Die Verschiedenheit der vorgestellten Begründungen erklärt sich, wie bekannt ist, aus den kardinalen Veränderungen im System der WL selber.
Wenn für den frühen Fichte die „Ichheit“ die höchste Konstruktion ist, so ist es für den späten Fichte das Absolute, und die „Ichheit“ ist aus der Struktur des Absoluten hergeleitet. In den Texten „Über die Bestimmung des Gelehrten“ ist diese radikale Veränderung wie die Linien in der Handfläche sichtbar. Diese beiden Texte, in ihrer Einheit betrachtet, reflektieren das einheitliche Modell, aus dem man die Tendenz der Veränderung des ganzen Systems der WL Fichtes verstehen kann.
5.
Die Tatsache, dass diesen beiden Texten wirklich eine einheitliche Konstruktion zugrunde liegt, ermöglicht die Behandlung der Themen des Transzendierens. Die Transzendenz, die wir hier meinen, bedeutet ganz und gar nicht dasselbe, was hinter diesem Begriff im System von Kant steht. Die Transzendenz (oder besser: das Transzendieren) ist die geistige Tat, die die Verschiebung (oder Überschreitung) der Grenze und dadurch die Entwicklung einer bestimmten schon festen Form gewährleistet – sei es der Form des gegenständlichen Wissens, der Form des Bewusstseins oder der Form des anthropologischen Aufbaus des Menschen.

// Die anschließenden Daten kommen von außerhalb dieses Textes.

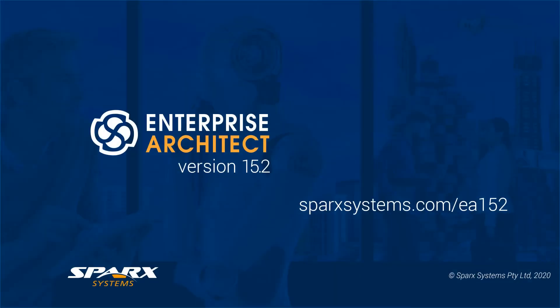For more information about this or other aspects of this release, visit sparksystems.com/EA152.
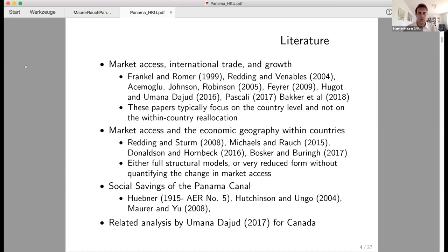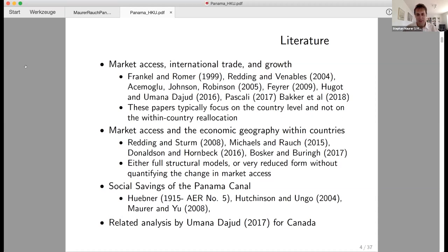A third literature we speak to is on the social savings of the Panama Canal. It's notable that the first issue of the American Economic Review in 1915 already addressed this, just one year after the canal opened in 1914. There have been other papers since on similar exercises, and also a related analysis on the reconfiguration of cities in Canada.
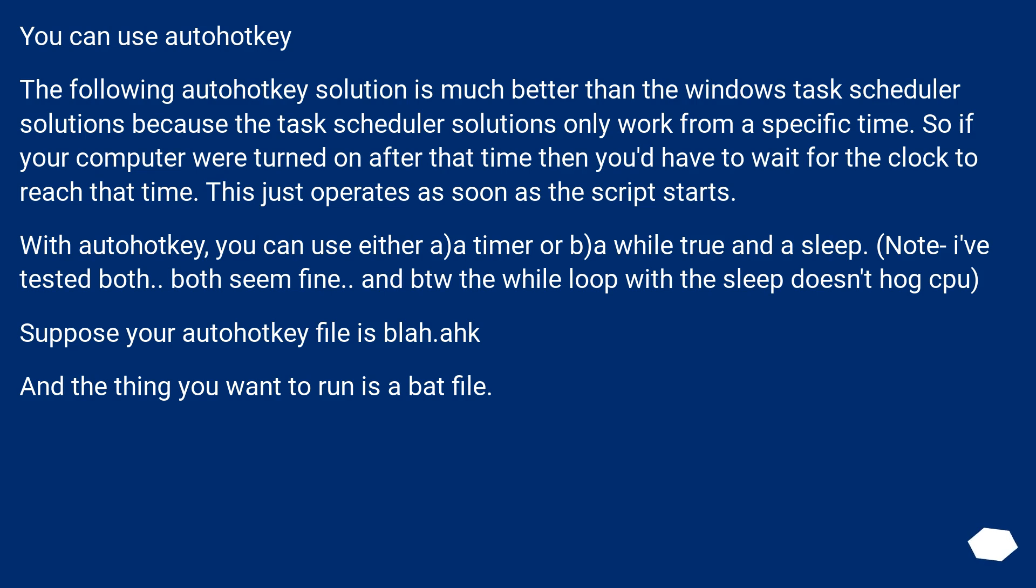With AutoHotKey, you can use either a) a timer or b) a while true and a sleep. Note I've tested both. Both seem fine. And by the way the while loop with the sleep doesn't hog CPU.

Das Phänomen des Transzendierens findet sich in beiden Texten, aber verschieden vorgestellt.
In der ersten Fassung der „Bestimmung des Gelehrten“, der von 1794, lassen sich vier Handlungen des Transzendierens feststellen:
– Aus dem Rahmen des individuellen Bewusstseins wird übergegangen zur reinen „Ichheit“. “Das empirische Ich soll so gestimmt sein, wie es ewig gestimmt seyn könnte. (...) Die letzte Bestimmung aller endlichen vernünftigen Wesen ist demnach absolute Einigkeit, stete Identität, völlige Uebereinstimmung mit sich selbst. Diese absolute Identität ist die Form des reinen Ich und die einzige wahre Form desselben.” (GA I,3, S. 30)
– Aus dem eigenen Bewusstseins wird herausgegangen zur Wechselwirkung mit anderen „Ichen“; die Ich-Vorstellung verändert sich durch den Gedanken der Wechselwirkung mit anderen Menschen. “Selten ist Jemand so vollkommen, dass er nicht fast durch jeden anderen wenigstens von irgend einer, vielleicht unwichtig scheinenden, oder übersehenen Seite sollte ausgebildet werden können”. (GA I,3, S. 41)
– Der Rahmen des eigenen Bewusstseins wird überschritten durch den Aufbau und die konsequente Realisierung der Standesposition. Die Vernunft “wird sorgen, dass jedes Individuum mittelbar aus den Händen der Gesellschaft die ganze vollständige Bildung erhalte, die es unmittelbar der Natur nicht abgewinnen konnte.“ (GA I,3, S. 45)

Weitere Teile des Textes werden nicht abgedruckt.